__Work instructions__:
Look through the records below for the line with "this 250×188 image.". Return that line and each one after it up to and including the line with "this 412×309 image.", exactly.

__Spatial localization data__:
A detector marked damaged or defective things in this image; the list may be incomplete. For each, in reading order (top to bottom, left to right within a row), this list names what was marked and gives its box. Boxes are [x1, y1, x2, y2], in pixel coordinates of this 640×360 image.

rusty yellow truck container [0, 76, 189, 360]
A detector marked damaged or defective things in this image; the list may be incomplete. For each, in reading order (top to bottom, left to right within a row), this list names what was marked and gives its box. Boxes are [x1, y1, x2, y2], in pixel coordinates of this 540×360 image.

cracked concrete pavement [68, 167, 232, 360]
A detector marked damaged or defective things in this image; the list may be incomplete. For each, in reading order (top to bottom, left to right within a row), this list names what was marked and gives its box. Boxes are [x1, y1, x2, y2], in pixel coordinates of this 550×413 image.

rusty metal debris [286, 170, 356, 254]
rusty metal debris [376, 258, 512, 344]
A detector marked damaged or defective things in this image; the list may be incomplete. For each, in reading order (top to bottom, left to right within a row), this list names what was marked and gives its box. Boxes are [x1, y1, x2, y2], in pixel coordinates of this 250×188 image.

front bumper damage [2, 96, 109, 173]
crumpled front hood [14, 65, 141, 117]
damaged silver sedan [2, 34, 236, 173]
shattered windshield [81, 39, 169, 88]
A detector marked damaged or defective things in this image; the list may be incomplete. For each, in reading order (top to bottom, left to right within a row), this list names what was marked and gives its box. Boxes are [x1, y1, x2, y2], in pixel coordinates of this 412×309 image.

* * *

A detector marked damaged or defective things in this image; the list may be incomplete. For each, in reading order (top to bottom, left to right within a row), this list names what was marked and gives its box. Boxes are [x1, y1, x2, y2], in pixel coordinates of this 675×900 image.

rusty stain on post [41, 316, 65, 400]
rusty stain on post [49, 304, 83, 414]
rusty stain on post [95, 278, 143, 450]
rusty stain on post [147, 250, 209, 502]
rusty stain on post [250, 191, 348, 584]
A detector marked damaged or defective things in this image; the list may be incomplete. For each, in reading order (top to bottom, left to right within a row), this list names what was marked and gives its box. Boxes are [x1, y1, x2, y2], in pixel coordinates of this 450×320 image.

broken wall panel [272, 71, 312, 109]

__Result of the task__:
A detector marked damaged or defective things in this image; the list may be incomplete. For each, in reading order (top to bottom, left to right within a row), this list names what was marked and gives its box. Boxes are [x1, y1, x2, y2], in pixel coordinates of this 250×188 image.

front bumper damage [2, 96, 109, 173]
crumpled front hood [14, 65, 141, 117]
damaged silver sedan [2, 34, 236, 173]
shattered windshield [81, 39, 169, 88]
A detector marked damaged or defective things in this image; the list may be incomplete. For each, in reading order (top to bottom, left to right within a row), this list names what was marked and gives its box. Boxes are [x1, y1, x2, y2], in pixel coordinates of this 412×309 image.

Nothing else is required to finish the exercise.